**Dataset records:**
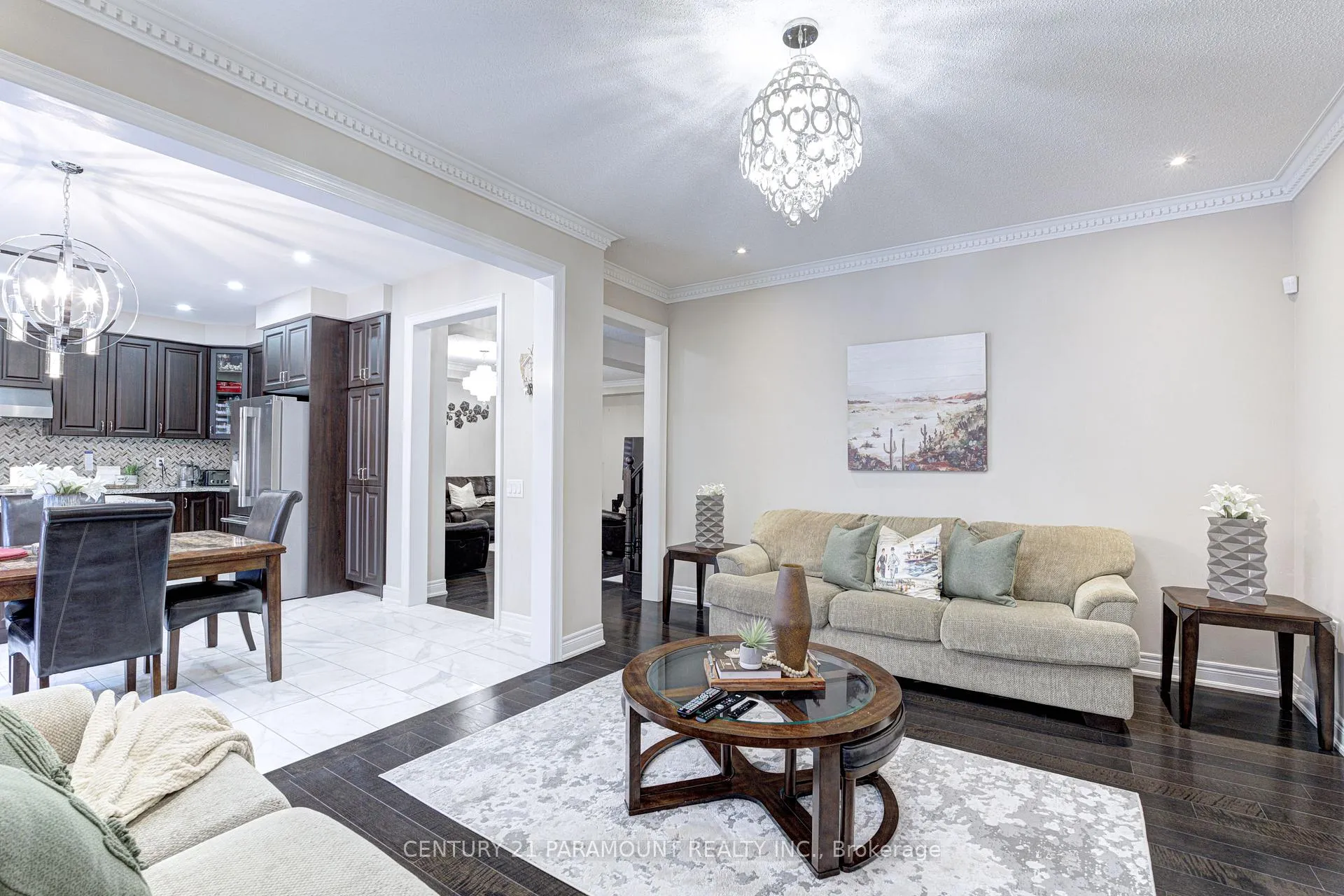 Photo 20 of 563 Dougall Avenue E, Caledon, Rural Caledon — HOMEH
==
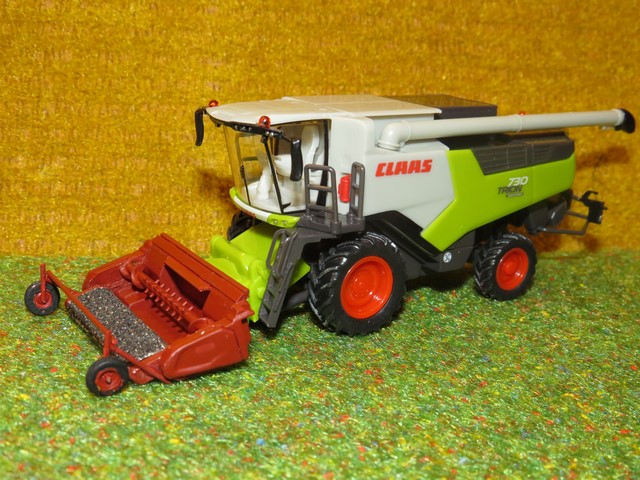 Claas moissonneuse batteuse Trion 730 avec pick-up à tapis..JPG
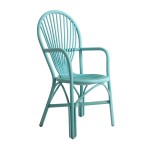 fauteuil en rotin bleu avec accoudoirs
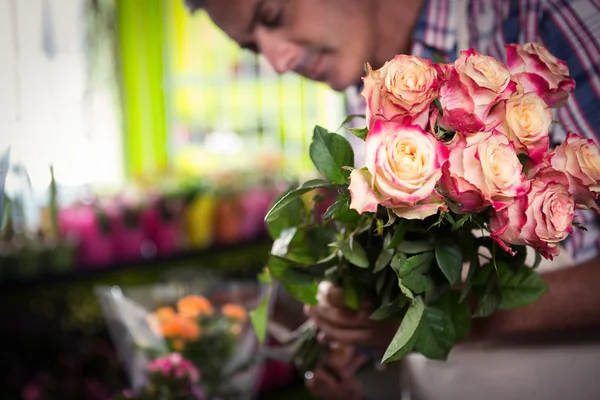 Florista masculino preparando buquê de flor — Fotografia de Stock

**Work item:** Look above for the line with "Claas moissonneuse batteuse", then print it and each line after it down to and including the line with "Florista masculino preparando". Leave out the pictures and keep the wording exact.

**Answer space:**
 Claas moissonneuse batteuse Trion 730 avec pick-up à tapis..JPG
 fauteuil en rotin bleu avec accoudoirs
 Florista masculino preparando buquê de flor — Fotografia de Stock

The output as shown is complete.